Router fails, no packets dropped.

January 29th, 2014 by

This morning one of our routers in our Cambridge data centre stopped reporting bandwidth data to our billing system. We investigated and whilst it was still routing packets without issue, it appeared to be experiencing hardware failure.

We’ve powered the router down, pending full investigation on our data centre visit this afternoon. Currently all traffic from our Cambridge site is being handled by our other router. This seamlessly failed over with no customer impact.

Depending on your choice of terminology ‘Redundancy has been reduced to N’, or ‘The network is at-risk’. In Mythic Beasts we like to speak English so this translates to, if something else fails before the router is restored to service, there is a risk of a network outage to our Cambridge data centre.

Update : Friday 31st we fully restored our network to it’s usual redundant configuration by replacing the router with a similarly over specified replacement. Customers may have received free bandwidth for some of this period.

Saturday outage report

January 27th, 2014 by

Edit: we’ve now received a report from Telecity, so have updated this report to take account of this.
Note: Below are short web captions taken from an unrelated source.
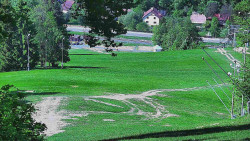 Město Karolinka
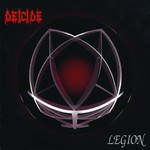 Deicide, Legion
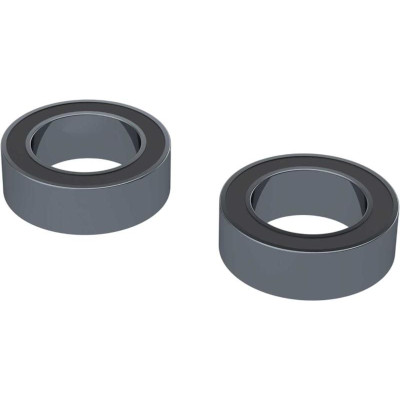 Arrma golyóscsapágy 9x14x4,5 (2)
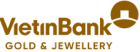 logo spinner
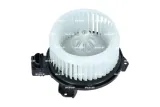 dmuchawa-34458-nrf-producent-czesci-nrf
Further edit: explanation for extended outage in one rack added.

Summary

  • A power interruption occurred at around 8:09am on Saturday 25th January, affecting multiple floors in Sovereign House.
  • For the most part, the interruption was momentary (around 500ms), but long enough to cause a reboot of affected equipment.
  • One of our racks was without power until 10:38am, due to a tripped circuit breaker.
  • Our staff were onsite at 11:15am, and then worked to restore services that had not come back up cleanly. One such server was our SOV DHCP server which will have affected any virtual servers configured to boot via DHCP.

Details

The power outage was caused by an interruption to the external mains power supply, followed by a failure of the DRUPS (Diesel Rotary Uninterruptible Power Supply) system that is supposed to ensure that power to the data centre is maintained during such a power cut.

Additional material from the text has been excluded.